Now we should ask ourselves: is it good to destroy human embryos? What if it is for a good cause? The ultimate question is not what a good cause is, but who the good cause is. Well, whoever determines who is allowed to be born may think also that the patient is not qualified to render the destruction of another human being: he is not the good cause. Human life is not relative; it cannot be subordinated to other life: that is the ultimate reason why we do not tolerate slavery. Here the words of Dr. Chia are also consequential, “Utilitarian ethics is the inspiration behind many different expressions of eugenics”. Who is more who?

Clearly, we need to break through the current biological and scientific relativism and realize life is the best good: that is why we cure diseases and protect the defenseless. We can do this with good science, good medicine and good profit. Current clinical experience employs your own adult stem cells from a variety of tissues: nose, fat, bone marrow, skeletal muscle, etc. They proliferate and show plasticity as scientists have reported in Nature and Nature Medicine. The main rationale to use your own cells is to avoid rejection and to prevent cancer development derived from the ESC (reported also in Nature Medicine, Nature Biotechnology, and Cancer).

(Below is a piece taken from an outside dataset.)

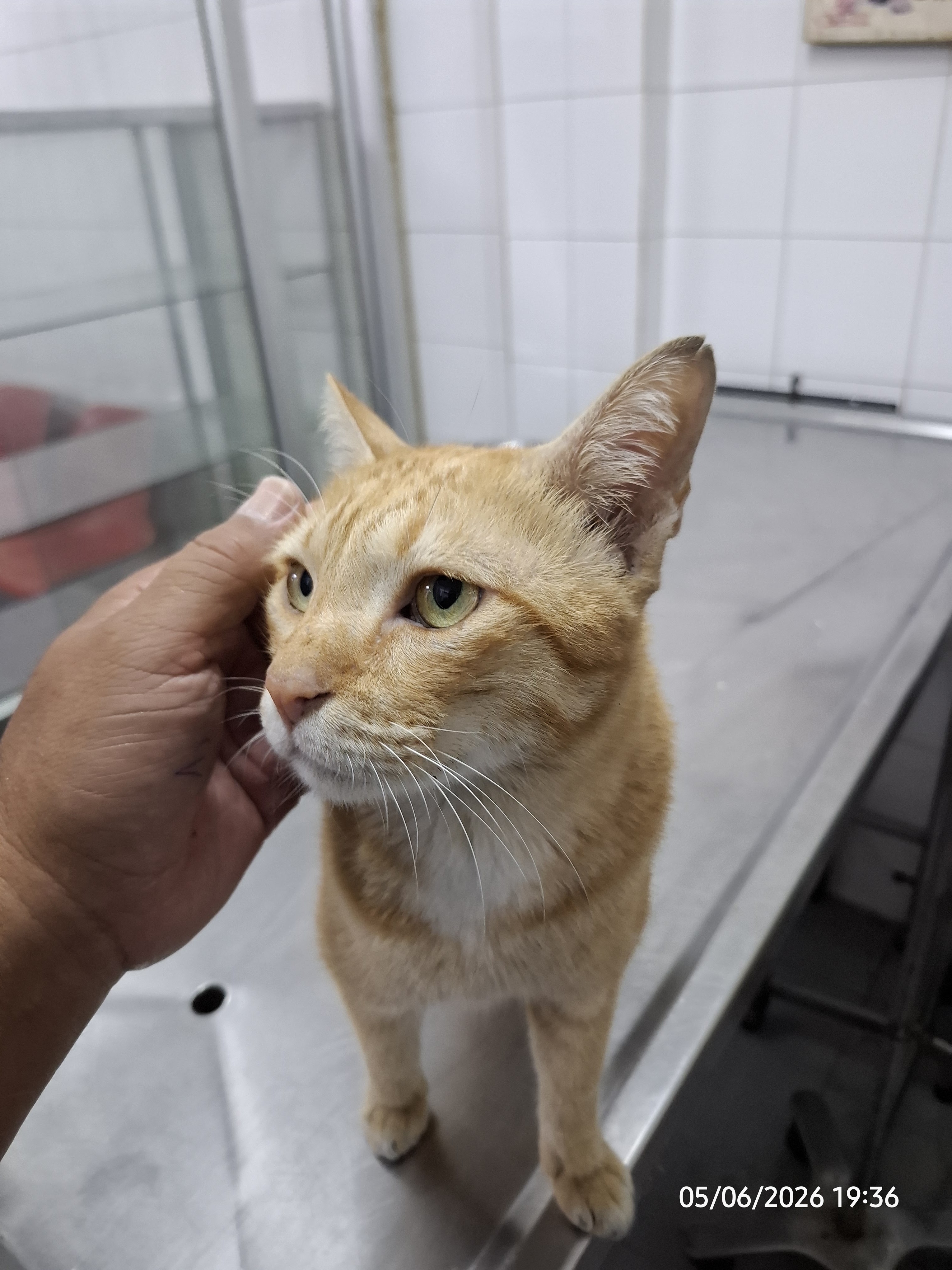 Chumphon Veterinary Clinic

There is great hope for patients and scientists if they stop seeing themselves as martyrs, the misunderstood persons put in the fry to die because of the intolerance of others: the modern martyr, a victim of intolerance; a false martyrdom. Patients are given false hopes with ESC based therapy. Scientists compromise violating their biology-based-ethics to destroy human life to benefit others.

Life sciences and regenerative medicine will be in the right direction if it respects the most basic human good: human life. These upright scientists can bring real hope to patients. The scientific community and peoples can also capitalize on the benefits coming from adult stem cell based therapy. Israel, Thailand, Australia, US, etc are doing it: scientists have set up companies, research centers, etc. Patients flight in, stay in and flight out. Patients also bring their families, stay in a hotel, etc, an indirect gain for that community.

However, some countries may have moved too slow, wanting to make palatable the dislike of the unnecessary destruction of human embryos risking missing the train of umbilical-cord blood and adult stem cell therapies.

Looking at the strong scientific outlook fostered by several Government Agencies, Singapore can be the center of excellence for adult stem cell based treatments bringing cures –and revenue– to a society that allows neither masters, slaves or martyrs. Science must re-focus its aim to uphold human life as a non-nogotiable human good. It is a necesary policy.

The challenge is here. Pasteur, Fleming or Lejeune became great because they cured people. Today's scientists can too be great without devaluating human life, without destroying embryos, without exploiting the weakest. They can cure, save and always confort the sick.